What the task asks:
Transcribe word for word each line from the one containing "Moderne fractale blauwe" to the final line of the data, both included. Skip the pictures.

Pictures with short captions:
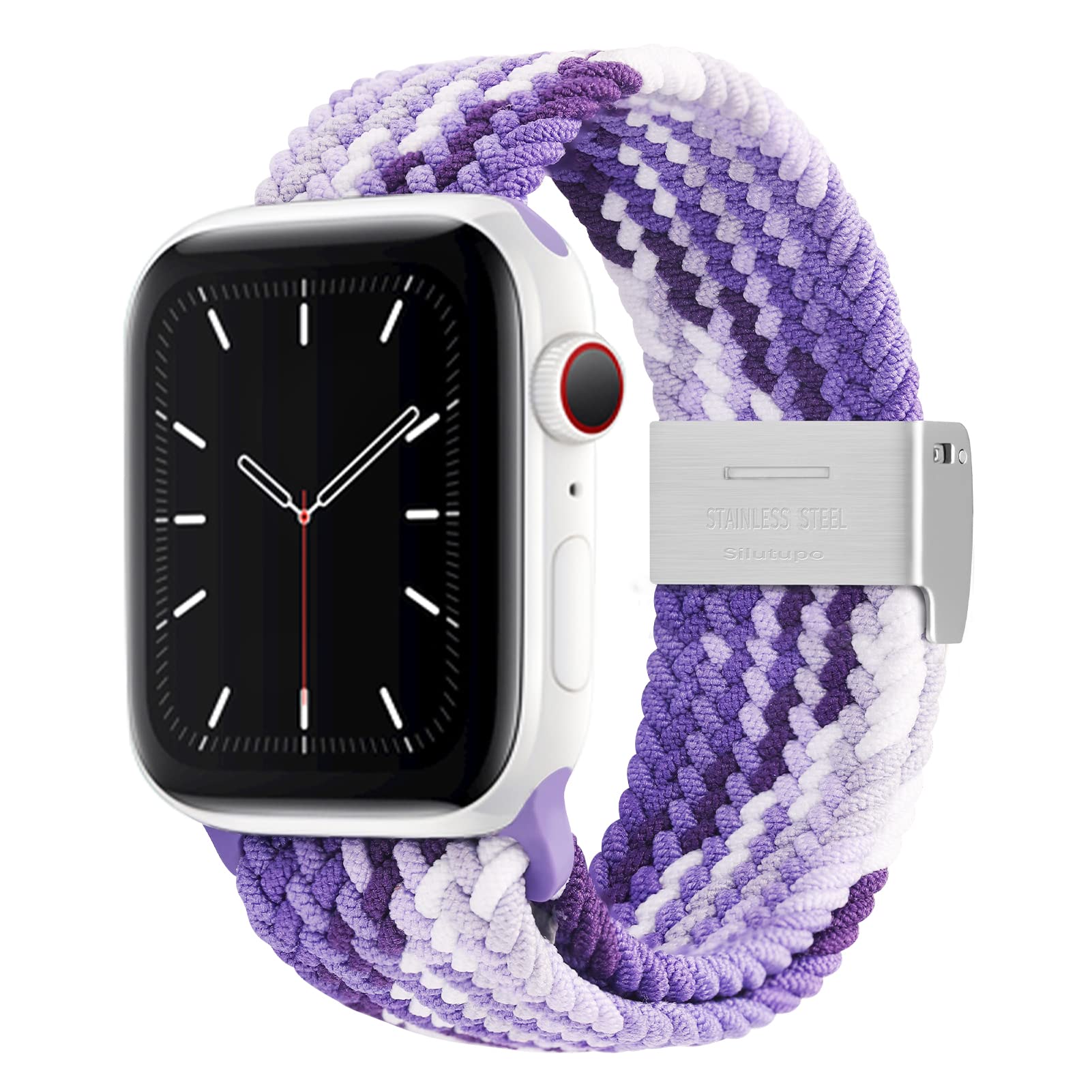 SILUTUPO Elastic Nylon Breathable Adjustable Apple Watch Band Compatible with 38mm 40mm 41mm 42mm 44mm 45mm 49mm iWatch Series 1/2/3/4/5/6/7/8/SE/Ultra - Lightweight Sport Strap for Men & Women - Perfect for Running, Workouts & Everyday Wear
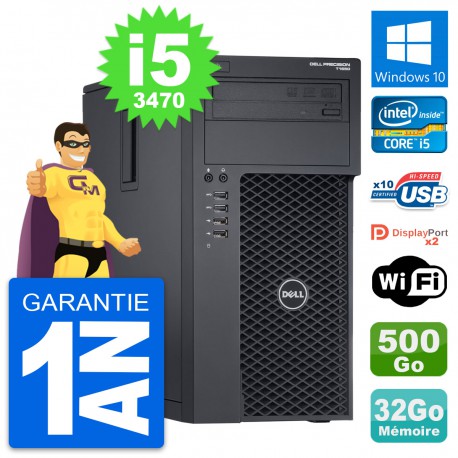 PC Tour Dell Precision T1650 Intel i5-3470 RAM 32Go Disque 500Go Windows 10 Wifi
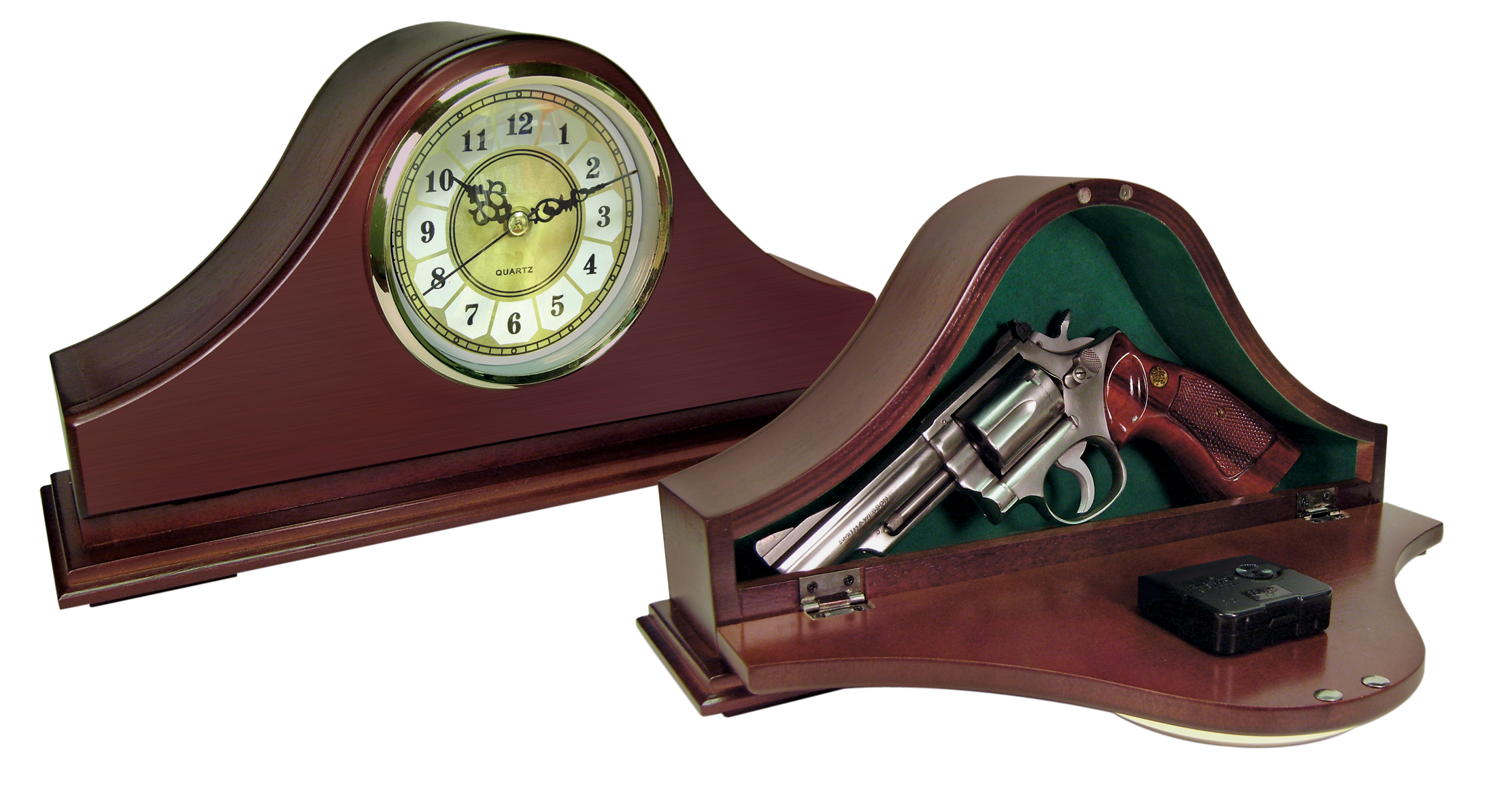 Peace Keeper Mantle Gun Concealment Clock, Mahogany Wood, Front Panel ...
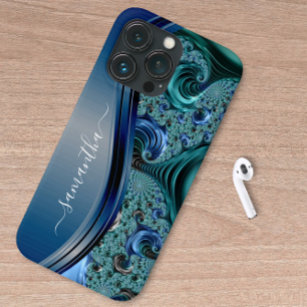 Moderne fractale blauwe handgeschreven naam Case-Mate iPhone case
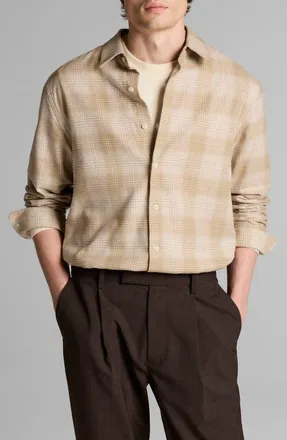Vince Ballow Plaid Long Sleeve Button-Up Shirt in Oatmeal Combo at Nordstrom, Size Xx-Large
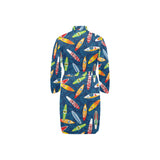 Surfboard Pattern Print Design 01 Men's Long Sleeve Belted Night Robe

Answer box:
 Moderne fractale blauwe handgeschreven naam Case-Mate iPhone case
Vince Ballow Plaid Long Sleeve Button-Up Shirt in Oatmeal Combo at Nordstrom, Size Xx-Large
 Surfboard Pattern Print Design 01 Men's Long Sleeve Belted Night Robe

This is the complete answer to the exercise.